A dévorer !

« Paris Hollywood », Cécile Mury : remake cinq étoiles

Marianne Corvo est journaliste cinéma « à L’œil Hebdo, le premier magazine culturel français » (p.10). Les interviews d’acteurs et autres critiques de films sont son quotidien. Le jour où elle doit rencontrer Ben Whyte, un acteur de renommée mondiale et à la filmographie riche de prestigieuses récompenses, signe pour elle l’apothéose de sa carrière : elle adule le charismatique Néo-zélandais, comme n’importe quelle entité féminine douée d’une once de bon sens.

Seulement, la rencontre vire au cauchemar pour Marianne : maladroite en diable, l’interview vire au fiasco.

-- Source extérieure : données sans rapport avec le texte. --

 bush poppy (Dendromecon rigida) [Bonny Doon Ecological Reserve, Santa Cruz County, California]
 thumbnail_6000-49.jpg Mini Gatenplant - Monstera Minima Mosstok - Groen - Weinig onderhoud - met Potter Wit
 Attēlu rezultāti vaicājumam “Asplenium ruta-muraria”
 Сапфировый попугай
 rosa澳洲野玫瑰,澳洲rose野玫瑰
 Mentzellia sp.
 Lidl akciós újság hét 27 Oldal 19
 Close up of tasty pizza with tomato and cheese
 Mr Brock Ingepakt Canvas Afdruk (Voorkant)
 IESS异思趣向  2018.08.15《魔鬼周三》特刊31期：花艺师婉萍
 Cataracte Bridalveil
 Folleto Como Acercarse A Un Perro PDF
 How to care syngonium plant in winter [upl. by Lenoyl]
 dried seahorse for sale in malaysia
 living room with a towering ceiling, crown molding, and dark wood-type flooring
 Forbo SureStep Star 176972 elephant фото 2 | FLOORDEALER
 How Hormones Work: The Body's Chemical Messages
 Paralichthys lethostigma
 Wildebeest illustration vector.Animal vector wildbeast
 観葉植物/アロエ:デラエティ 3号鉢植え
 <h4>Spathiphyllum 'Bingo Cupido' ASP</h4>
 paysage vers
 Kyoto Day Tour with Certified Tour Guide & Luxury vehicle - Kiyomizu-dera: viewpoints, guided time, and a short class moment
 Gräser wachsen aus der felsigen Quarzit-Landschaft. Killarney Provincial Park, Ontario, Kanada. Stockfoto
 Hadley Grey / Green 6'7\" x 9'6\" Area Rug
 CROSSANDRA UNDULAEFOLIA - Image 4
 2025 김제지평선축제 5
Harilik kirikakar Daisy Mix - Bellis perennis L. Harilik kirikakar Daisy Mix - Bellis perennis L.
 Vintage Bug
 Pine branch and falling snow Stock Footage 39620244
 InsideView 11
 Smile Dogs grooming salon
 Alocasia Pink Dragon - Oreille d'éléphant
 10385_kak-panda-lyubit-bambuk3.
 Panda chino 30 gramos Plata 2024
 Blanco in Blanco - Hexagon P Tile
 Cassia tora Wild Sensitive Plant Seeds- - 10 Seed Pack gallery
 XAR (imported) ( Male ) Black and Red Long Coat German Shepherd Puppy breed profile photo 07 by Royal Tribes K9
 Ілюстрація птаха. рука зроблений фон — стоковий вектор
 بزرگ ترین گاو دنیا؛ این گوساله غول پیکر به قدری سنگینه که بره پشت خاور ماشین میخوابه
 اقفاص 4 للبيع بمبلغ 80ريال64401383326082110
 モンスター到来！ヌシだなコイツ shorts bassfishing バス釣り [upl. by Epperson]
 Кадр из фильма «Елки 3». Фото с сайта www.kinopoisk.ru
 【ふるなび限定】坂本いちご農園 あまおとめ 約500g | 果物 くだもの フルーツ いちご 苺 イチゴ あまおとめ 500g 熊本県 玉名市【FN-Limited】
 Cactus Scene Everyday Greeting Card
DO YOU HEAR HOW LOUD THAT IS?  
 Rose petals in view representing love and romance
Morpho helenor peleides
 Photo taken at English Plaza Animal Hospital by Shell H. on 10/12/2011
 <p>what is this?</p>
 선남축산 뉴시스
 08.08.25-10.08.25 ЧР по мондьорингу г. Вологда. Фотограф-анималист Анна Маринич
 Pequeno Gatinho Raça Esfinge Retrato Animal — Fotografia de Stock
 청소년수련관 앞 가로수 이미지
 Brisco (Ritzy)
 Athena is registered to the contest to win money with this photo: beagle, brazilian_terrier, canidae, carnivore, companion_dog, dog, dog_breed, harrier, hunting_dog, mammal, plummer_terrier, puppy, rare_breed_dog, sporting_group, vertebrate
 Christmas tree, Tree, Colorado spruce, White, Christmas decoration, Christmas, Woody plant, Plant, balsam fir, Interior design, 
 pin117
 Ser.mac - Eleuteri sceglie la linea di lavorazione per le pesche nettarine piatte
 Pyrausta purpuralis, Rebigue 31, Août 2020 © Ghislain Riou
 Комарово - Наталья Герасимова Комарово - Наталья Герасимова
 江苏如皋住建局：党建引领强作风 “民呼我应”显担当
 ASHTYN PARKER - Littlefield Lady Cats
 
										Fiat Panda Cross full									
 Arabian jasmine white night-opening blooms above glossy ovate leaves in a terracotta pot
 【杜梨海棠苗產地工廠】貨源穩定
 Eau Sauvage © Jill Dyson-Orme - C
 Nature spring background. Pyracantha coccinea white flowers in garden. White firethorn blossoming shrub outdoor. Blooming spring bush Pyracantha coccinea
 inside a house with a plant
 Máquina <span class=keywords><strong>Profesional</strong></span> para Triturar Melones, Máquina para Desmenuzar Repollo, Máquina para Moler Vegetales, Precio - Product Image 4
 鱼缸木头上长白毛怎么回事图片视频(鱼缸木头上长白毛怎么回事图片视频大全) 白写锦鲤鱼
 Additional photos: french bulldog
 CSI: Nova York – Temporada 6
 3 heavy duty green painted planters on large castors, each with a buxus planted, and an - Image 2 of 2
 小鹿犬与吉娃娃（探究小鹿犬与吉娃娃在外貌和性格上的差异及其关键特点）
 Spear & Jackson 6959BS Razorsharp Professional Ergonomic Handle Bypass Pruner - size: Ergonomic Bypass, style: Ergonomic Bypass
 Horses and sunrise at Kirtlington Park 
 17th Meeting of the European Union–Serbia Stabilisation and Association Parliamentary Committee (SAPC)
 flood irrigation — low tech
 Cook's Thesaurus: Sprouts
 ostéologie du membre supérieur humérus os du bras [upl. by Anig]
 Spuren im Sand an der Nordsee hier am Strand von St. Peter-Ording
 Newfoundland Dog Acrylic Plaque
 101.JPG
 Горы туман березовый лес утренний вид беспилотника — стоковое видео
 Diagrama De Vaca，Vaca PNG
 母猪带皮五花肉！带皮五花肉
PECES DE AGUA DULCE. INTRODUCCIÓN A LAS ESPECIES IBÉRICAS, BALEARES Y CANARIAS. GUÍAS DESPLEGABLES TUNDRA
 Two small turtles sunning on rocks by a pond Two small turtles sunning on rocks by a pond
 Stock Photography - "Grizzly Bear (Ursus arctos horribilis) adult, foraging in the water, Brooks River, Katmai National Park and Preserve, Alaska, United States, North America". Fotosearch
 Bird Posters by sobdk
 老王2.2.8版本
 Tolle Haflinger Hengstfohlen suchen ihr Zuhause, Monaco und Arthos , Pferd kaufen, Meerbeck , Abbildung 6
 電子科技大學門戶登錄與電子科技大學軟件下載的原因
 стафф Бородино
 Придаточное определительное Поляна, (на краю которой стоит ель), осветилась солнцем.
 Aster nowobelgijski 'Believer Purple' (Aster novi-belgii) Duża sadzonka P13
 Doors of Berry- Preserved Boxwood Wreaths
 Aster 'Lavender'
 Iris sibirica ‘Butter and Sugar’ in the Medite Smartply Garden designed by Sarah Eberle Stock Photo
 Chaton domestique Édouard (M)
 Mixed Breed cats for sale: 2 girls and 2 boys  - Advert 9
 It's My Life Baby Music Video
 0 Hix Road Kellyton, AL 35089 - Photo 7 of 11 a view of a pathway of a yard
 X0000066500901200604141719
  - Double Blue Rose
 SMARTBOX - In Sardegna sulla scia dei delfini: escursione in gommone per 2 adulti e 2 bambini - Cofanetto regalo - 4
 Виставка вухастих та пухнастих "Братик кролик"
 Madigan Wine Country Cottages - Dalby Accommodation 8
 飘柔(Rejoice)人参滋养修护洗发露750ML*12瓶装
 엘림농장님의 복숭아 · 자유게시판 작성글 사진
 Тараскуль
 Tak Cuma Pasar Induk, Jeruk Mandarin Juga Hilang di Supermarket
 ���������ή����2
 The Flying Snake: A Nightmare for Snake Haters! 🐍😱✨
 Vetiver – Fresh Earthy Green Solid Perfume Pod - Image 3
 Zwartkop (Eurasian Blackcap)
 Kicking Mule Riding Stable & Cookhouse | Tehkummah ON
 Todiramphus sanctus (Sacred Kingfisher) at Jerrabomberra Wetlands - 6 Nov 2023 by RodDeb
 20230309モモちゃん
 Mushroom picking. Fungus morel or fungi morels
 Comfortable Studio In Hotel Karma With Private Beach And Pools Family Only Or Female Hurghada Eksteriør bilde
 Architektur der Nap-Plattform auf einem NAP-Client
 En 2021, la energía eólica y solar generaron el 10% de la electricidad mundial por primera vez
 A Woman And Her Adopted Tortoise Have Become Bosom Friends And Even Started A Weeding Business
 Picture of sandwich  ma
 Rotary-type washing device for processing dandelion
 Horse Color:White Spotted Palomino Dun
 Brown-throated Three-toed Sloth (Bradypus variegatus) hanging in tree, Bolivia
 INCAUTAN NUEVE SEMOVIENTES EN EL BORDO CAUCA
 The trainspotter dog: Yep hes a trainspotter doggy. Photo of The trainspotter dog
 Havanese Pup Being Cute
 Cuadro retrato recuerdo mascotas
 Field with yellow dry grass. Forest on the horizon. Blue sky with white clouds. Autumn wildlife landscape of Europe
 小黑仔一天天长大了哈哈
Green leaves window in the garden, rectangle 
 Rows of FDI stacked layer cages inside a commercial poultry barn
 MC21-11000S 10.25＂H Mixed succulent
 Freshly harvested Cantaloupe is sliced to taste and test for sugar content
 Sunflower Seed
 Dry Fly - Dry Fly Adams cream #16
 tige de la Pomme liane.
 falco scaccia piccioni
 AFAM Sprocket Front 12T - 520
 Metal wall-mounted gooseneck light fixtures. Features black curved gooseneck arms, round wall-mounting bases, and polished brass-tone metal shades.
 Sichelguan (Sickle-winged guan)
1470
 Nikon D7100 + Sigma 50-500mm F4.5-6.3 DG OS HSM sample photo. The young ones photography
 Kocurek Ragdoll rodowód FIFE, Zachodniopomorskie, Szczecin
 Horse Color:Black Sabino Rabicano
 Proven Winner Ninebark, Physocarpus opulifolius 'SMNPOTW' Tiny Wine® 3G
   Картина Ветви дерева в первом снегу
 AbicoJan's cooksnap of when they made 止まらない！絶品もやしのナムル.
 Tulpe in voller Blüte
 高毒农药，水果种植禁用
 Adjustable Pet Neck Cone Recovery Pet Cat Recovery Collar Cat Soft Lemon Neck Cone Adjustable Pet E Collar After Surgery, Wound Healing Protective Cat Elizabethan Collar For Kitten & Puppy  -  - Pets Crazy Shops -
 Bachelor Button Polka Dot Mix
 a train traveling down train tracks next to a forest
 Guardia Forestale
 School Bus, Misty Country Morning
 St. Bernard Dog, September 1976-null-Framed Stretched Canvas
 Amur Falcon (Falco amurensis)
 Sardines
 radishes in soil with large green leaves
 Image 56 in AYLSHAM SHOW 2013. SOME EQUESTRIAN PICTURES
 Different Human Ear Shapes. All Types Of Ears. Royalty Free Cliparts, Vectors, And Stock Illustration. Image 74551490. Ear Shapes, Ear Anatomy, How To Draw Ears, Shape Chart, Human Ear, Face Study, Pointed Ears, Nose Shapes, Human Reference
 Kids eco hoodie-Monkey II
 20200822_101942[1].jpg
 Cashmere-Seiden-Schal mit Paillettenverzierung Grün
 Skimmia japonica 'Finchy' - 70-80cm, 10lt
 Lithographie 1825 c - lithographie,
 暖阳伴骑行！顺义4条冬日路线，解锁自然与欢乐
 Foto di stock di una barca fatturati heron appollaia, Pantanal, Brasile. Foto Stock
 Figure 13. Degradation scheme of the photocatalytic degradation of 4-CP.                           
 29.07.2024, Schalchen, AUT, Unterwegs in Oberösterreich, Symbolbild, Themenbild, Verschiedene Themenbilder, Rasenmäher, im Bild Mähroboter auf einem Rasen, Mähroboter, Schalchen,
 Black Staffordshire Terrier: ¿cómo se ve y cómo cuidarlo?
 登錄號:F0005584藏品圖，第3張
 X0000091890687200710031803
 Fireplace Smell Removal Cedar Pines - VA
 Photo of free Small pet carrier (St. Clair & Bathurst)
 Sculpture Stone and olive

Seulement, alors que Ben Whyte est réputé pour malmener les journalistes face à lui, l’alchimie opère : franchement amusé par la candeur inédite de la Parisienne, l’acteur lui donne une chance en lui accordant non seulement du temps, tellement minuté pour lui, mais également des entrevues inédites.

« -J’ai envie de rester, tu sais. Mais…
– Au revoir, Ben Whyte. Merci pour la parenthèse. » (p.147)

Vous craignez la romance bourrée de clichés ? Rassurez-vous : si le récit joue effectivement avec les codes romantiques des âmes sœurs qui toujours se cherchent mais à chaque fois se manquent toujours un peu (en cela, j’y vois une claire – et intelligente – réécriture du roman culte Un jour de David Nicholls), l’ironie a bonne place dans le roman. En effet, à travers la narration menée à travers la voix de Marianne, les saillies très second degré insufflent un humour décalé qui, tout justement, mettent à distance les clichés inhérents au genre. Les personnages sont non seulement fouillés mais aussi complexes, ce qui permet d’accorder au texte une crédibilité méritée.

« Tu peux te repaître de sa chaleur, mais n’oublie pas : tu n’es qu’un mouton de plus pour Sa Royale Bergerie. Tu vas finir à la broche. » (p.211)

Le regard porté sur la célébrité est lui aussi d’une belle pertinence : derrière les strass et les paillettes, l’envers du décor, millimétré, cadré et encadré, ne fait pas forcément rêver. La traque de Ben Whyte par les paparazzi relève de la mise à mort d’une chasse à courre. Marianne peut-elle, au nom de son affection pour la (sa ?) star, devenir l’autre victime consentante de la curée ?

« Il pourrait avoir un autre nom. Un autre métier. On se serait rencontrés dans un bar, dans la rue, sur Tinder. Bien sûr, il plaîrait aux gens. Mais pas par millions. Il serait à moi, tout le temps. Mais peut-être que je me raconte des histoires. » (p.321)

Derrière l’homme aux mille visages que ses rôles lui confèrent, quelle mythologie médiatique, forgée pour les besoins de la cause, le prive de l’authenticité de son humanité ?

« Comment peut-on vivre au centre de cette monstrueuse attention ? Partout. Tout le temps. Ce mec, c’est l’œil d’un cyclone. Un danger public. » (p.144)

Les plus belles histoires d’amour ne sont sans doute pas celles qui s’affichent sur un écran de cinéma, mais celles qui célèbrent des liens sans artifice. Plutôt que le feu aveuglant et tentant des projecteurs, envisager la douceur naturelle des rayons d’un vrai soleil, aussi informel soit-il. Pourvu qu’il soit vrai, on ne risque point de s’y brûler…

Un roman idéal pour l’été ! A savourer !


Paris Hollywood, Cécile MURY, éditions FLAMMARION, 2025, 444 pages, 21.50€.